Tuturpedia.com – Hingga saat ini, Masjid Al Aqsa terus menjadi bagian penting bagi masyarakat muslim di seluruh dunia.

Dilansir Tuturpedia.com dari halaman visitmasjidalaqsa.com pada Kamis (2/11/2023), masjid yang memiliki luas 144.000 meter persegi atau sekitar 1/6 luas kawasan Yerusalem ini bahkan memiliki sejarah yang sangat panjang sejak zaman Nabi Adam AS.

Berikut sejarah Masjid Al Aqsa yang telah dirangkum khusus oleh Tuturpedia.com.

Sejarah Masjid Al Aqsa dari Zaman Nabi Adam AS Hingga Nabi Muhammad SAW

Masjid Al Aqsa merupakan kiblat pertama.
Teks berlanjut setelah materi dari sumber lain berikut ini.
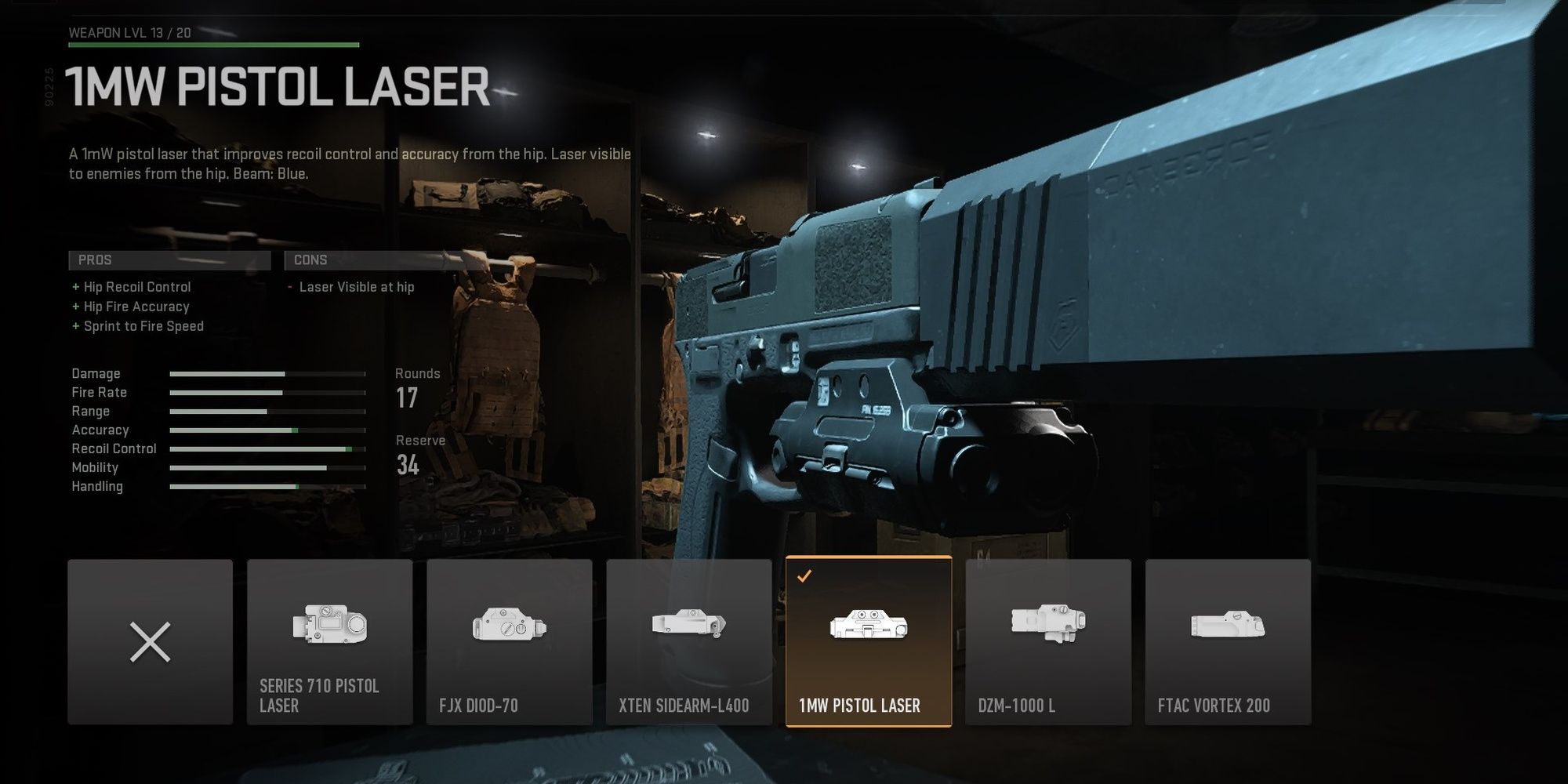 Best X12 Loadout In Call Of Duty Modern Warfare 2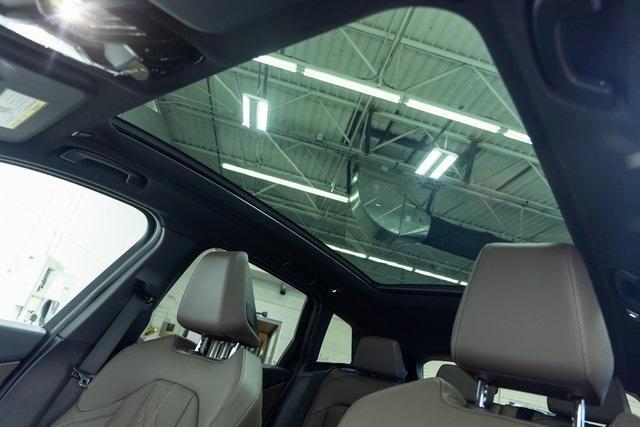 used 2025 BMW X3 car, priced at $57,950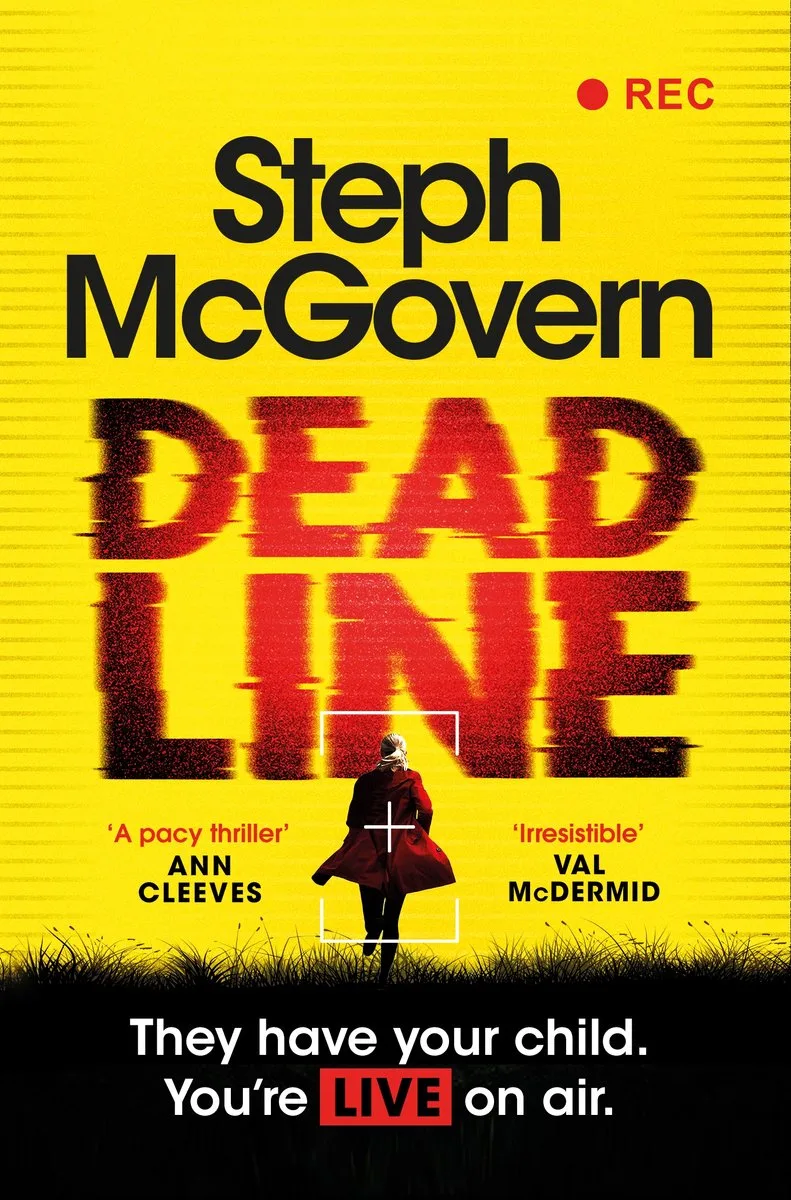 Deadline fra Pan Macmillan – billede af bogen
Sampai sekarang, keberadaannya pun tetap signifikan meskipun sudah tak lagi jadi kiblat kaum muslim.

Pembangunan Masjid Al Aqsa dilakukan 40 tahun setelah Masjidil Haram di Makkah. Sementara itu, opini para cendekiawan dan sejarawan muslim masih terpecah perihal siapa yang membangun Masjid Al Aqsa. 

Ada yang beranggapan bahwa Nabi Adam AS lah yang mendirikan masjid ini, tetapi ada pula yang beropini bahwa pendirinya adalah Nabi Ibrahim AS.
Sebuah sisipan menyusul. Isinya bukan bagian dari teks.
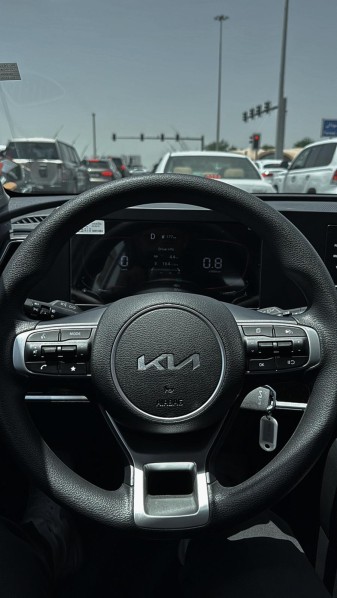 KIA/SPORTAGE/LX 2024 - 4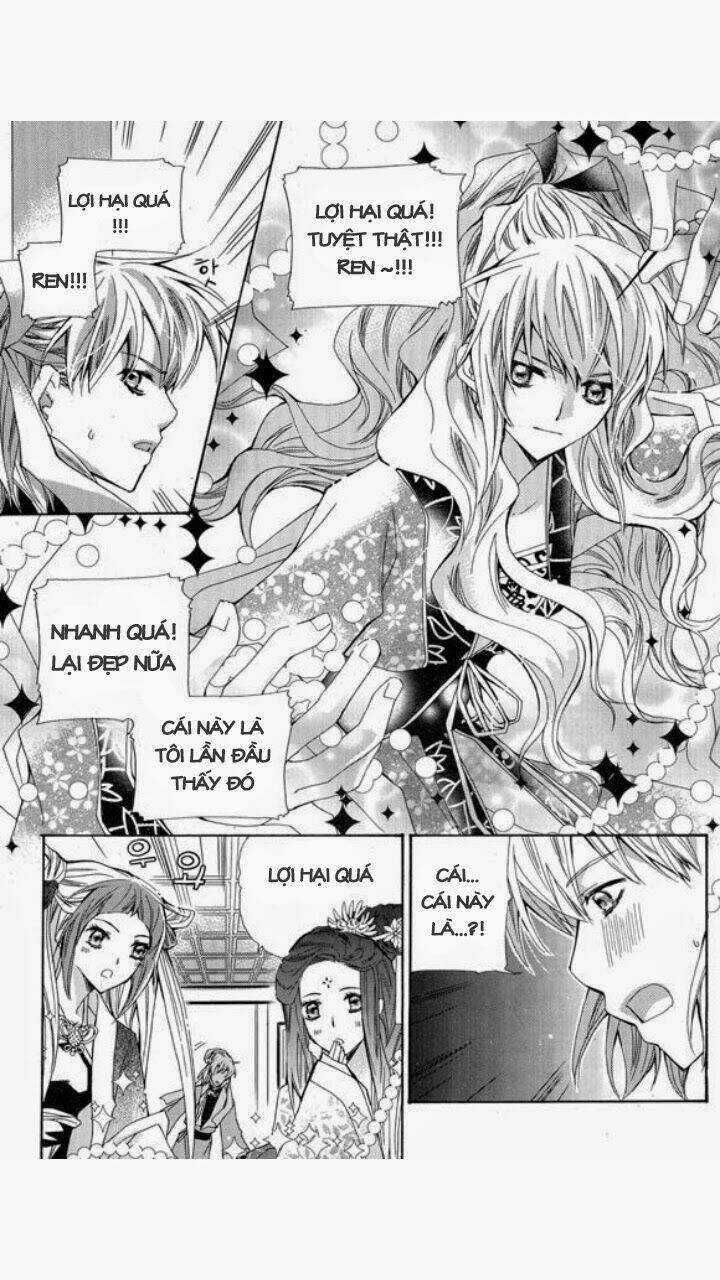 I-Ren Chapter 3 trang 10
Masjid Al Aqsa memang telah dikenal sebagai tempat ibadah pada masa Nabi Ibrahim AS dan keturunannya, Nabi Ishak AS dan Nabi Yaqub AS.
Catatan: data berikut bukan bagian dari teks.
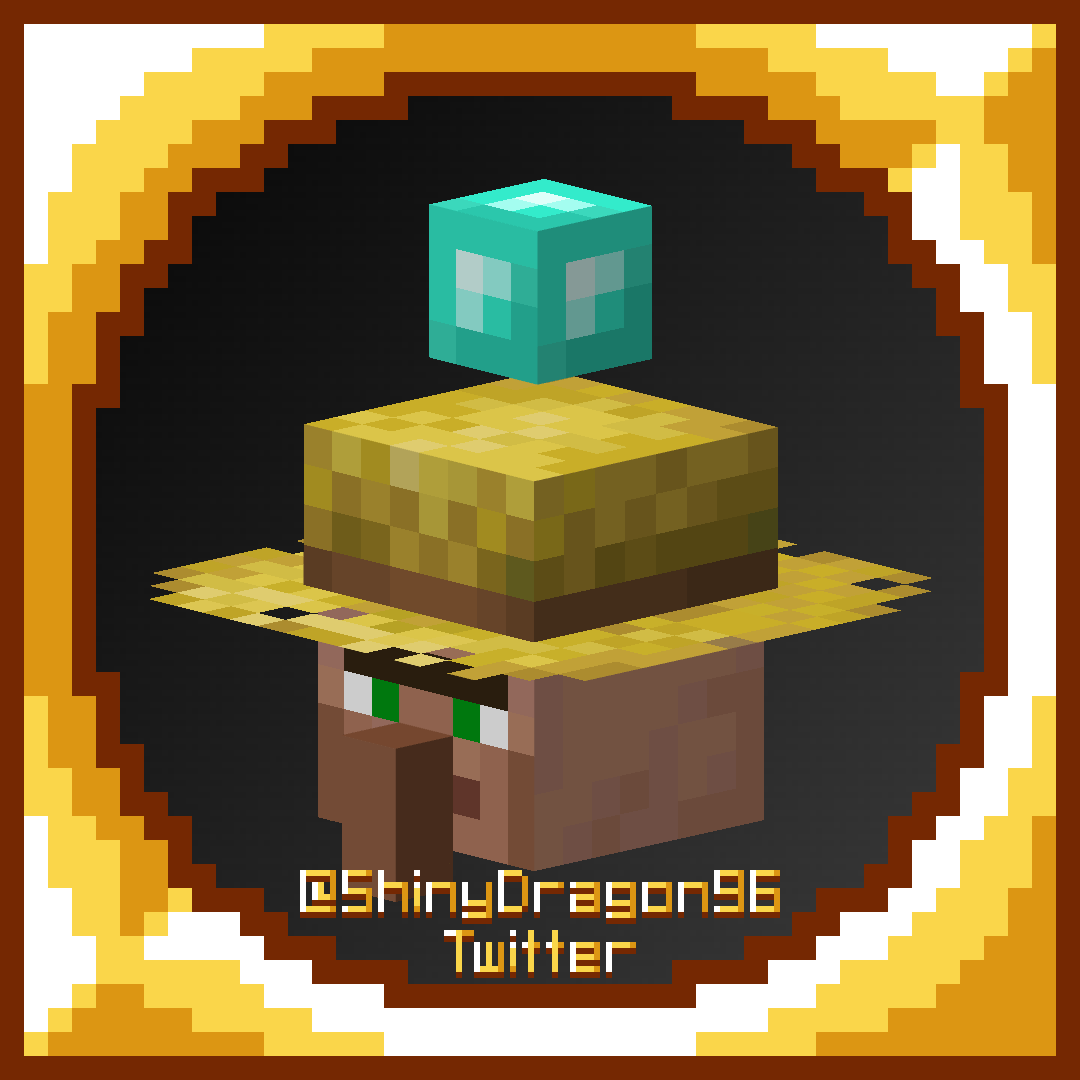 Shiny's Villager Levels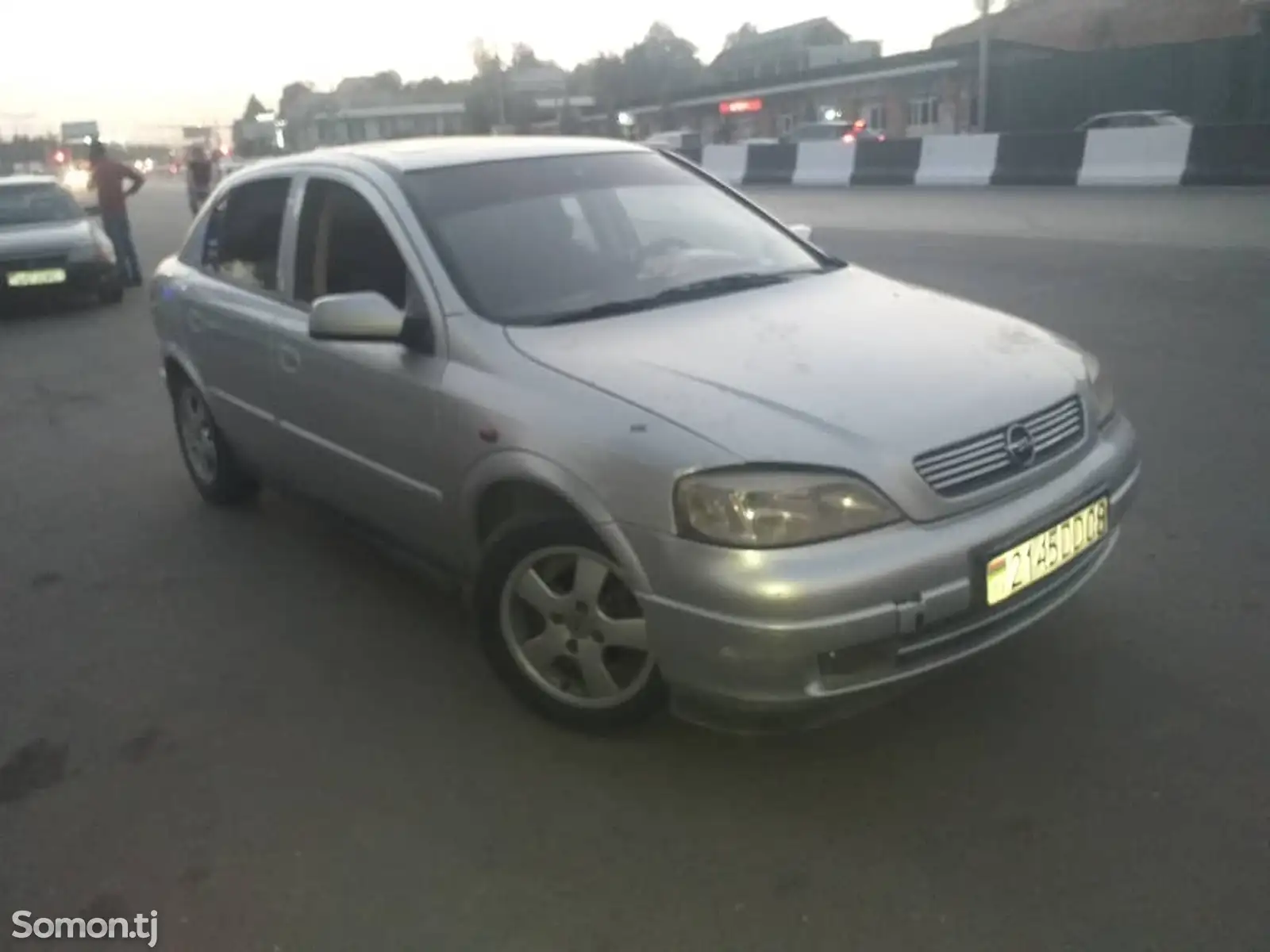 Opel Astra J, 1998-1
Saat Nabi Yusuf AS, putra Nabi Yaqub AS, menjadi penguasa di Mesir, ia meminta keluarganya pindah dari Palestina, yang kala itu dilanda kemiskinan.

Setelah itu, Masjid Al Aqsa pun dirawat oleh masyarakat setempat, yaitu warga Palestina, yang juga merupakan pengikut ajaran Nabi Ibrahim AS.

Sementara itu, bangsa Israel yang pindah ke Mesir kemudian menjadi budak dan menetap di sana selama sekitar empat abad. Mereka pun dibebaskan oleh Nabi Musa AS atas perintah Allah SWT.

Kemudian mereka tinggal di kawasan gurun pasir Sinai selama 40 tahun. Ketika Nabi Daud AS lahir, ia memimpin para pengikutnya pindah ke Palestina.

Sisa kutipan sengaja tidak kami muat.